Gas prices rose to more than $5 a gallon and many Montanans are worried about how to heat their homes without breaking the bank.
We aren’t the only country grappling with the effects of a leader who is unrealistic about our nation’s domestic energy needs.
Over the course of the last decade, Europe tirelessly pursued a green agenda with the goal of being “climate-neutral” with “net-zero greenhouse gas emissions” by 2050.
The results are devastating. The U.S. and others who choose to go down this road should take a lesson from Europe’s folly. Europe is our canary in a coal mine.
Europe’s energy crises over the past year make it clear that energy security is national security. When decision-makers start yielding to the whims of the radical green movement, terrible things happen.
Look no further than Germany shutting down its coal and nuclear plants. Remarkably, Germany has over 35 billion tons of accessible coal within their reach and just a few years ago had 17 fully functional nuclear plants, but in 2022 the country was faced with crippling energy shortages and even rolling blackouts.
Families reported seeing their monthly energy bills increase from roughly $150 to over $1,600 and households in rural areas turned to timber as the only way to heat their homes.
In addition, Lithuania went from a net energy exporter to net energy importer. Since shutting down their reliable, baseload power as a misguided condition to satisfy the European Union, the country now consumes three times as much energy as it produces.
Poland saw demand for firewood increase by almost half last year as people scrambled to find a way to heat their homes that wouldn’t bankrupt their families.
The U.K.’s pursuit of the green agenda led to sky-high energy prices and brought the nation to the brink of recession.
In addition, Western Europe’s dependence on cheap Russian energy in tandem with their decision to abandon reliable domestic energy put entire economies at the brink of collapse.
This should serve as a warning for the havoc the Biden administration and Senate Democrats will wreak on American energy independence if they have their way.
In a meeting with Romania’s Prime Minister Nicolae Ciuc, one of the few European leaders to deliver a balanced energy portfolio to his nation, he told me something I will never forget – that a vision without an action plan is a hallucination.
We cannot let President Joe Biden and Senate Democrats push the same green hallucination that has crippled European economies on an unprepared U.S.
During his State of the Union Speech, President Biden said we might need oil for 10 more years.
According to Biden’s Department of Energy, over the course of the next 25 years, global energy demand is going to increase 50 percent.
In that same time, petroleum and natural gas will still be the most relied on energy sources in the United States.

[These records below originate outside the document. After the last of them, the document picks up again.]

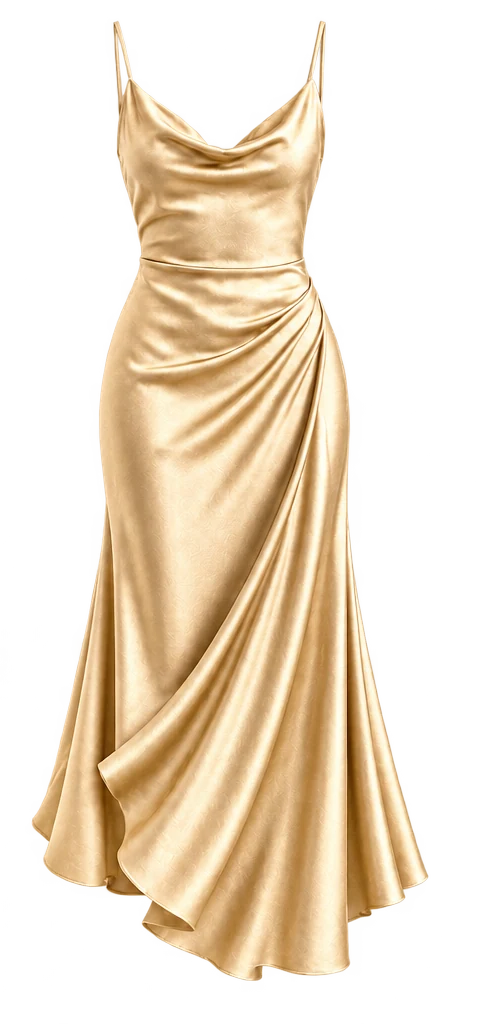 Look ilustrativo de vestido de cetim champanhe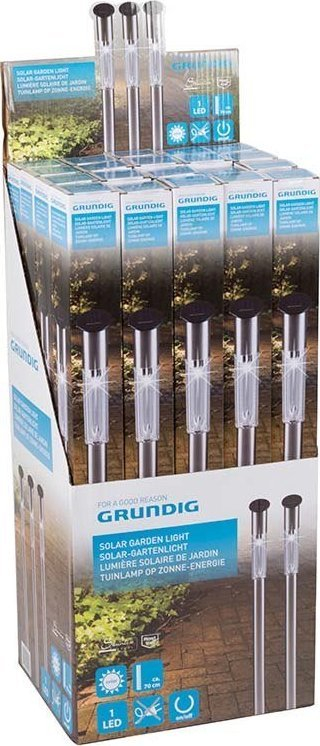 Dritë dielli për kopsht Grundig 4026, LED, inox, ngjyrë argjendi
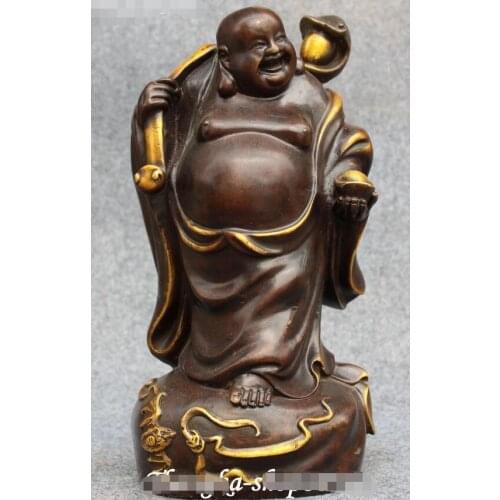 11" Chinese Bronze Gilt Bat Happy Laugh Maitreya Buddha Hold Ruyi Yaunbao Statue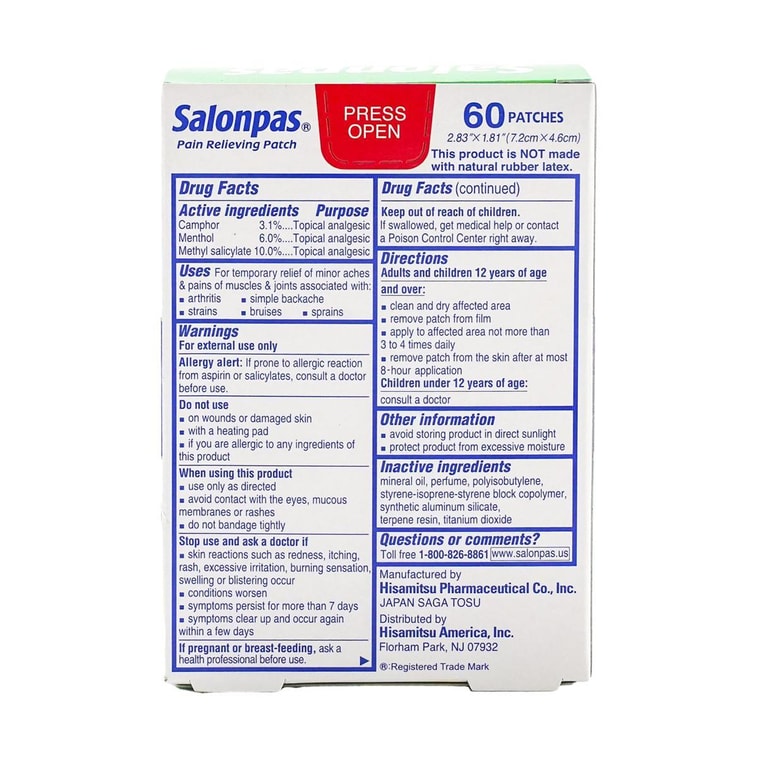Salonpas 통증 완화 패치 - 허리, 목, 어깨, 무릎 통증 및 근육통 완화 - 8시간 지속 효과 - 60개입 3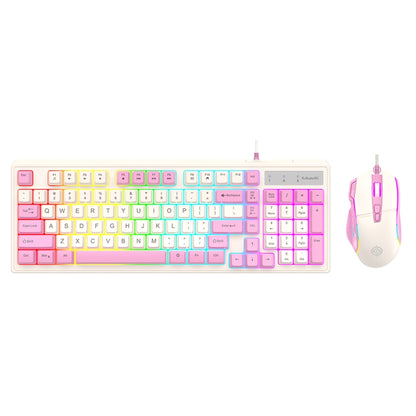K-Snake Wired E-Sports Keyboard Mouse Mechanical Feel 98 Key Desktop Computer Notebook Keyboard, Keyboard+Mouse (Blue), Keyboard+Mouse (Gray), Keyboard+Mouse (Pink), Single Keyboard (Blue), Single Keyboard (Pink), Single Keyboard (Gray)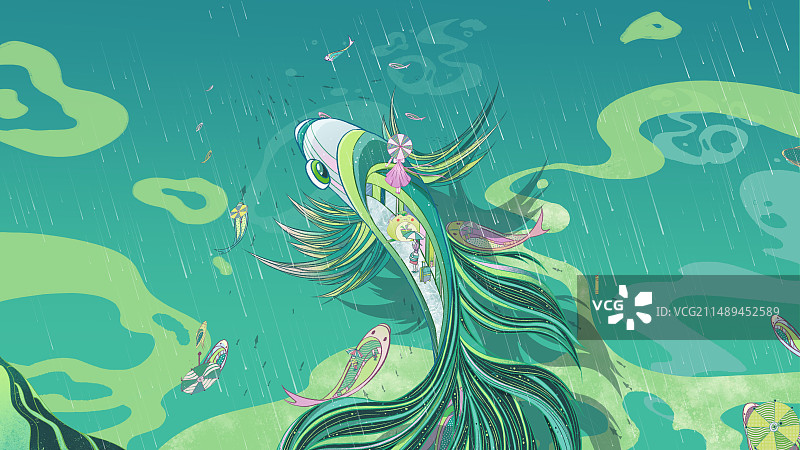 雨天谷雨节气插画图片素材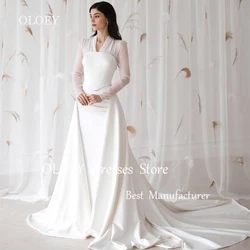 OLOEY Modest Ivory Mermaid Wedding Dress V Neck Full Sleeves Bridal Gown Customized Arabic Plus Size Corset Formal Gown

Sadly, that hasn’t stopped the president from doing everything in his power to undercut our energy security. From shutting down the Keystone XL pipeline to obstructing new drilling projects to draining our Strategic Petroleum Reserve for political purposes, President Biden has paved a path towards an American energy crisis.
I’m a chemical engineer by degree and a big believer in innovation. I support the development of renewable sources of energy. However, our energy policy going forward needs to be about addition, not subtraction.
We need a diverse portfolio of made in America energy that includes renewables like hydropower, wind and solar. We should use them to add capacity, not subtract. But the facts are fossil fuels will remain the most relied upon sources of energy for the next 30 years or more.
We cannot burn the existing bridges of reliable, affordable energy before the new bridges of future energy sources are built.
Thanks to Europe serving as a canary in a coal mine, the signs of a looming energy crisis could not be clearer — it’s time to protect American energy security and break free from this radical, green hallucination before it’s too late.
Republican U.S. Sen. Steve Daines lives in Bozeman.